> Source data
______________________________

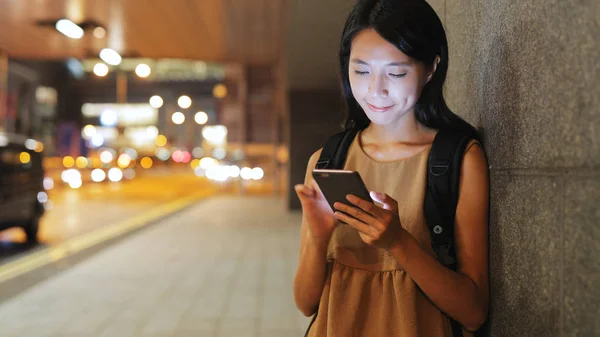 Vrouw die 's nachts een mobiele telefoon gebruikt — Stockfoto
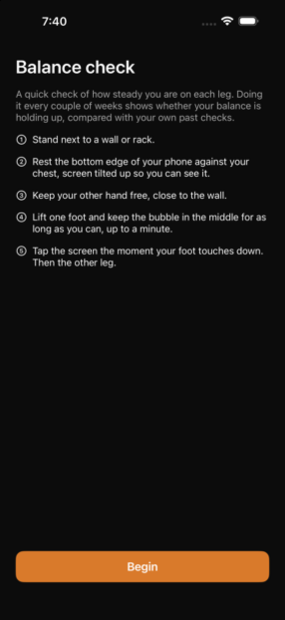 The balance check instructions: stand next to a wall, rest the bottom edge of the phone against your chest with the screen tilted up, keep your other hand free, lift one foot, and tap when your foot touches down.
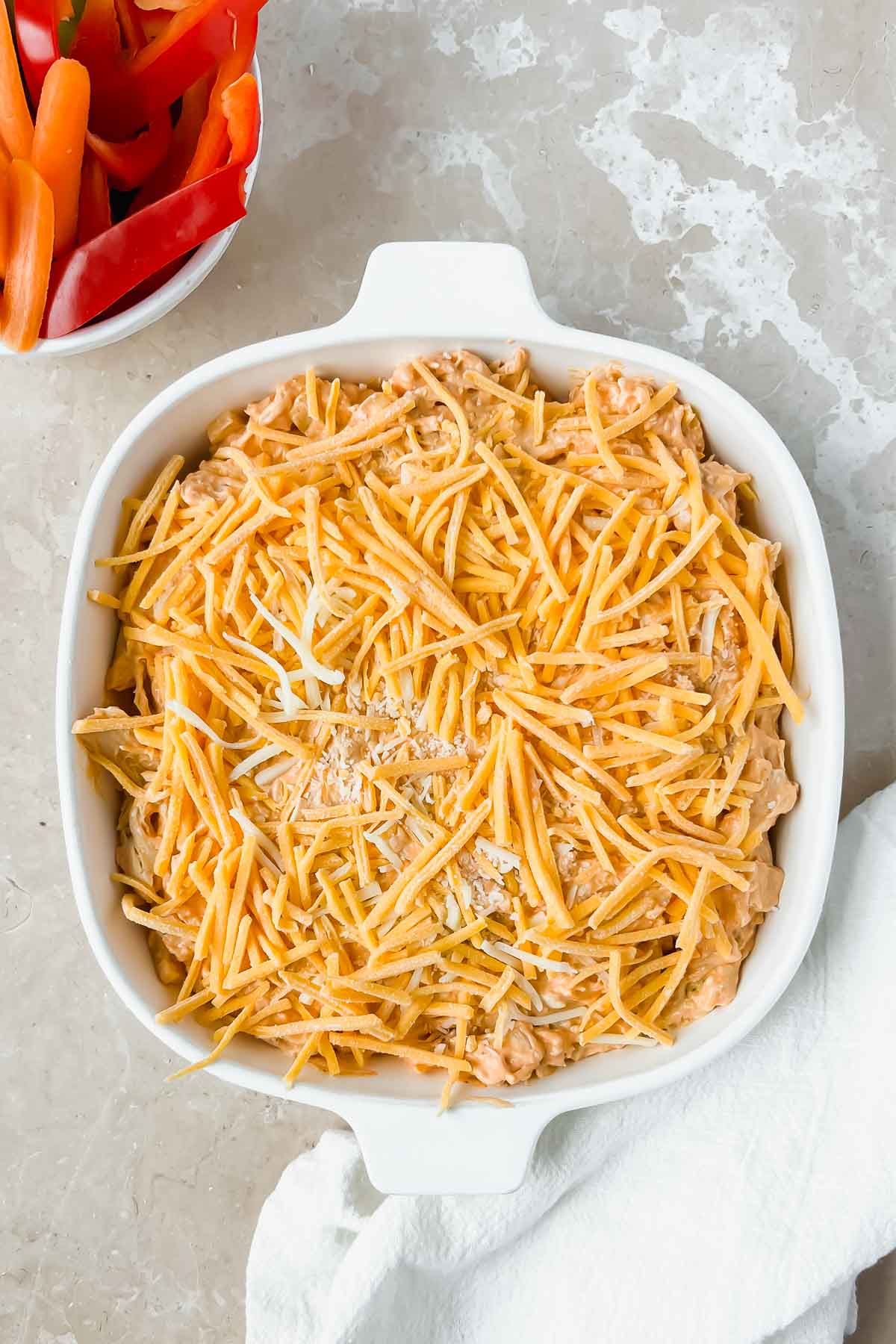 metal square pan filled with uncooked buffalo chicken dip topped with shredded cheese on white background.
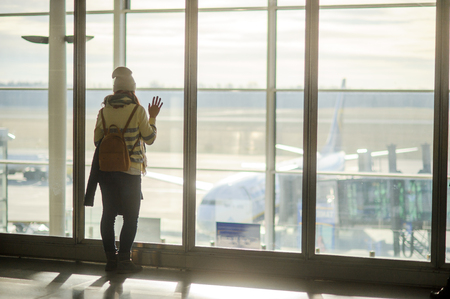 A woman with a backpack standing at the large window in the airport. She is watching the airplanes on the airfield.の写真素材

______________________________

> Your assignment
Leaving the pictures aside, repeat the data above exactly.

> Response below
 Vrouw die 's nachts een mobiele telefoon gebruikt — Stockfoto
 The balance check instructions: stand next to a wall, rest the bottom edge of the phone against your chest with the screen tilted up, keep your other hand free, lift one foot, and tap when your foot touches down.
 metal square pan filled with uncooked buffalo chicken dip topped with shredded cheese on white background.
 A woman with a backpack standing at the large window in the airport. She is watching the airplanes on the airfield.の写真素材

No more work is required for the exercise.